Aggressive store expansion continues

DMART opened 126 stores over the last 3.5 years. It added 8 new stores during the quarter taking its total store count to 302 as at H1FY23. As DMART continues to expand into newer cities, its store concentration from its two key states MH and GJ continues to decline (from 76% in FY16 to 47% in 1HFY23). Telangana, Karnataka and AP continue to be the other three key states making up another 29% of total store count. DMART Ready stores (pickup stores) are gradually expanding to larger towns. It has increased its presence to 18 cities from 12 in 1QFY23. However the capital allocation in the newer cities will remain commensurate. More than 90% of sales for DMART Ready continue to come from Mumbai (MMR), Pune, Bangalore, Hyderabad and Ahmedabad.

GM&A category witnessed partial recovery

Sales contribution from General Merchandise & Apparel (GM&A) segment recovered slightly to 24.75% in H1FY23 from 23.4% in FY22. However, contribution from GM&A is still below FY19 levels of 28.3%. Initially, impact of COVID and now higher inflation have delayed complete recovery in this category. GM&A includes Bed & Bath, Footwear, Apparel, Crockery, Home Appliances and Plastic goods. This is the highest margin category clocking EBITDA margins of 20%+ during the pre-pandemic days as per our estimates.

Healthy improvement in LFL led by younger stores

LFL (Like-for-Like) growth as at H1FY23 for stores older than 5 years came at 6.5% annualized while on an absolute basis it grew 21% over pre-pandemic quarter of 2QFY20. LFL for stores older than 2 years stood at 41.6% in H1FY23 vs 16.7% in FY22 LFL and - 13.1% in FY21 implying initiation of healthy recovery. The older stores with higher sales/sqft vs. company average and ones with another new DMART store close by are registering lesser LFL growth. LFL growth and average sales/store at company level depends on the number of new stores added per year and their population profile. Over time as the DMART brand has become more popular, store revenues have started accelerating at a faster pace than earlier. Within that, large metros bring in revenues much faster and much higher absolute levels than smaller cities. Yet, the newer stores have revenues per store significantly lower than the older stores.

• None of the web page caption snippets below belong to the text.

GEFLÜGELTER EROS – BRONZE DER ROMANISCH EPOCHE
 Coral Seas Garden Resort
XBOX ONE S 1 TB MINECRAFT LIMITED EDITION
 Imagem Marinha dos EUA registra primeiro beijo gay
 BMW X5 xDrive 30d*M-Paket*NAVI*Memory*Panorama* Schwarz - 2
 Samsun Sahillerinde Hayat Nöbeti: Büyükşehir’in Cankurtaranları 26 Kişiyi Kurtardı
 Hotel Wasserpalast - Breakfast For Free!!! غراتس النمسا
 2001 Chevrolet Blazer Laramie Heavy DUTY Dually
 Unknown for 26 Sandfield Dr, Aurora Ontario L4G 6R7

We remain attracted by DMART’s sharp execution skills and large opportunity size. The organized grocery retail industry penetration is at 4-5% in India giving enough headroom for the company to grow. We roll forward our estimates to FY25. We upgrade from ADD to BUY rating valuing the stock at 85x H1FY25E EPS estimates to arrive at a TP of Rs5,205

Valuation

We remain attracted by DMART’s sharp execution skills and large opportunity size. The organized grocery retail industry penetration is at 4-5% in India giving enough headroom for the company to grow. We roll forward our estimates to FY25. We upgrade from ADD to BUY rating valuing the stock at 85x H1FY25E EPS estimates to arrive at a TP of Rs5,205.